OCI BadgeDepartment of Justice
U.S. Attorney’s Office
Southern District of Illinois

FOR IMMEDIATE RELEASE
Wednesday, July 17, 2019

The U.S. Attorney for the Southern District of Illinois Prosecutes Dark Web Drug Distributor

Earlier today, Brandon Arias pleaded guilty in the United States District Court for the Southern District of Illinois to conspiring to distribute fentanyl throughout the United States via the “dark web.” As part of his plea, the 34-year old from San Diego, California admitted that he was one of two individuals known on the dark web as “The Drug Llama,” and that he knowingly distributed misbranded fentanyl pills throughout the United States from October 2016 to August 2018.

Fentanyl is a highly addictive and oftentimes lethal opioid painkiller.

In January 2019, a federal grand jury in the Southern District of Illinois returned a superseding indictment charging Arias and his co-defendant, Melissa Scanlan, with conspiracy to distribute fentanyl, illegally distributing fentanyl (5 counts), selling counterfeit drugs, and misbranding drugs. Arias was arrested in San Diego and made his initial appearance in the Southern District of Illinois on March 12. At the time, he entered a not guilty plea and was ordered held without bond pending trial.

In court today, Arias pleaded guilty to all eight charges pending against him, admitting that he and Scanlan created and maintained an account on “Dream Market,” a dark web marketplace for illegal substances and services. Through that account, Arias and Scanlan sold substantial quantities of narcotics while operating under the moniker, “The Drug Llama.” Arias further admitted being actively involved in Scanlan’s distribution of 1,000 fentanyl and acetyl fentanyl pills every week.

The dark web is an underground computer network that is unreachable by traditional search engines and web browsers, creating a seeming anonymity to users. This false cloak has led to a proliferation of criminal activity on dark web marketplaces, like Dream Market.

Despite the identity veil that the dark web seemingly provides, participants in illegal activity are not shielded from the long arm of the law. “People think they are anonymous when they use the dark web,” U.S. Attorney Weinhoeft commented, “but the drugs and money are here, in the real world, and our agents will work tirelessly to connect the illegal contraband to the criminals hiding within the shroud of the dark web.” U.S. Attorney Weinhoeft gave special recognition to the Food and Drug Administration (FDA), Office of Criminal Investigations, whose agents worked to “pull the Drug Llama enterprise out of the shadows of the dark web.”

“The opioid crisis has evolved and so has the nature of the threat, with potent synthetic opioids representing a sharply increasing amount of the total exposure to these drugs, further fueling the opioid addiction crisis,” said Acting FDA Commissioner Ned Sharpless, M.D. “The FDA has expanded our enforcement efforts to include increased interdiction work aimed at stopping the illegal flow of counterfeit and unapproved prescription opioid drugs, like illicit fentanyl, online including on the dark web.

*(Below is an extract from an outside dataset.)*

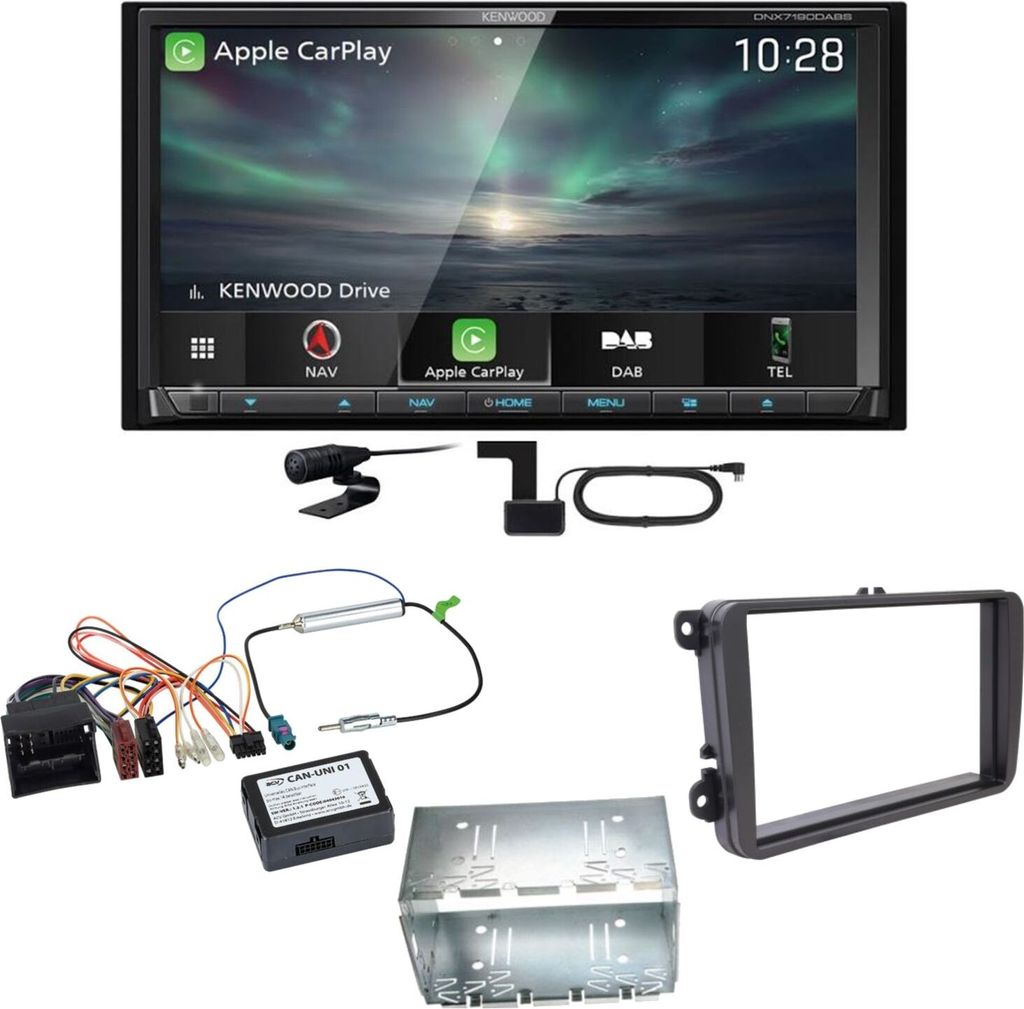 Kenwood DNX-7190DABS Android Auto Carplay DAB+ Einbauset für T6 Sharan 2 Beetle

We will continue to pursue and bring to justice those who threaten the health and safety of Americans by illegally distributing prescription drugs.”

“Drug traffickers who operate from the dark corners of the internet are not immune from arrest and prosecution” stated DEA Special Agent in Charge William Callahan of the St. Louis Division. “The men and women of the DEA and our law enforcement partners are well positioned to investigate, locate, and arrest cyber drug traffickers, and their co-conspirators, who spread their poison in the Greater St. Louis Metropolitan area, no matter where they operate from.”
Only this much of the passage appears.